A fianco dei "sudisti", invece, nel corso di quella terribile Guerra che non servì per liberare gli schiavi ma per ribaltare gli assetti della res publica nordamericana, scesero in campo persino battaglioni di soli effettivi ebrei, con tanto di rabbino al seguito, di latinos (in Texas ne nacque anche una mini-Confederazione locale, confederata alla Confederazione maggiore), nonché di nativi cherokee (come tra l’altro mostra pure Il texano dagli occhi di ghiaccio, film diretto e interpretato nel 1976 da Clint Eastwood).
Oltreoceano non è scomparsa la memoria di nomi quali John Drew - che Capo John Ross nominò colonnello del 1st Cherokee Mounted Rifles, un reggimento "sudista" tutto indiano - e di Ta-ker-taw-ke, battezzato Isaac Stand Watie (1806-1871), generale di brigata della Confederazione, l’ultimo ufficiale ad arrendersi il 23 giugno 1865, due mesi dopo la resa del generale supremo dei Confederati, Robert E. Lee (1807-1870), in Virginia.
Né dei reparti militari costituti esclusivamente da volontari neri.
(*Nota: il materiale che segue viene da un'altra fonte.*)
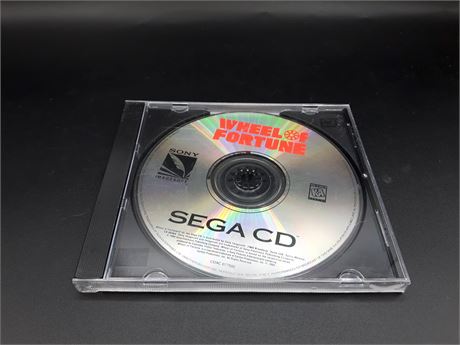 WHEEL OF FORTUNE - DISC ONLY - EXCELLENT CONDITION - SEGA CD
La storiografia ne conserva addirittura le foto. E nel monumento ai Confederati, progettato dallo scultore Sir Moses Jacob Ezekiel (1844-1917), Confederato ebreo che a lungo visse e lavorò a Roma, monumento eretto nel 1908 e visitabile da tutti all’Arlington National Cemetery - segno evidente di una riconciliazione nazionale difficile come lo sono tutte ma concreta -, là dove sta pure la tomba di John F. Kennedy (1917-1963), le formelle mostrano inequivocabilmente a chiunque, americani e non, il volto di quei soldati neri del Sud che ipso facto la libertà se la guadagnarono scegliendo di dare la propria vita contro certi presunti "liberatori".